Spoon is now something that Annie and I spend most of our time planning for, working on and strategising about. It is a legitimate business with lots of customers and suppliers as well as partners and investors. It was not always that way though.
For a long time Spoon was just a concept that existed in Annie’s head – a dream of a better breakfast. She had to fit her thoughts about making breakfast better in and around her day-to-day money-earning work in advertising. When I joined her, initially as a business mentor, it was the same for me. Spoon was a side project, a passion project, and one that we did for the love of what we were creating. It was something that was our own and something that was going to do better things than were already being done. It was not for the money (there was no salary until early in 2017). It was not for the joy of the 4am market starts driving rented vans across London and it was certainly not for the bureaucratic hassles of running a food manufacturing kitchen. These were things we did because we knew that something good was going to come of it. We cared about it and we were going to enjoy the ride, whatever that might entail.

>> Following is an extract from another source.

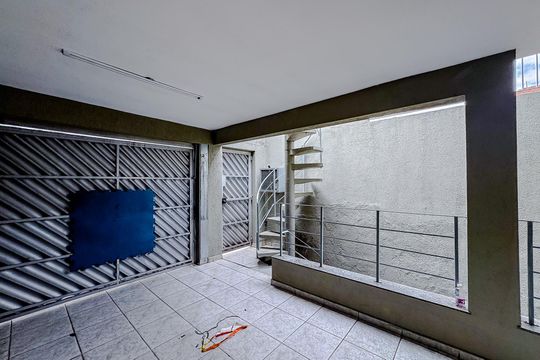 Garagem de casa para alugar com 3 quartos, 245m² em Vila Regente Feijó, São Paulo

We planned for the first launch of Spoon, back in summer 2013, cooking up recipes from old cookbooks, mixing grains that we had barely heard of and taking all sorts of granola and muesli-making advice from anyone that would give it. Much time was spent in the kitchen staring into ovens, mixing and baking with our hair and clothes smelling of sweet granola for hours afterwards. This was all done in our spare time. When we weren't in the kitchen or at a market, we were doing other things, things that we needed to do to earn money and not necessarily things that we wanted to do. What we wanted to do was to get Spoon up-and-running. It was not until about nine months later that we realised our side-project could become what we had hoped it would – a real, growing business of our own that makes breakfast better for people.
It was not until I attended the Do Lectures in summer 2015 in Cardigan in the far west of Wales that I first heard the term 'side project' (I had thought of Spoon as a hobby and a fun outlet from ‘real life’). At the Do I met a host of other people who were running side projects. Indeed the Do Lectures itself was a side project of the founders. These various side projects had taken over and become something much more in people’s lives and all because people cared. People had passion and they believed in what they were doing. Their side project had become ‘real life’.
Starting Spoon and attending the Do Lectures have both had very big impacts on my life. Both have taught me to take risks, to follow the path that you feel is the right one for you and to create your own future the way that you see it. Keep reading, keep exploring and always take opportunities to learn. So whatever it is that you are doing on the side, keep doing it. You never know where it may take you.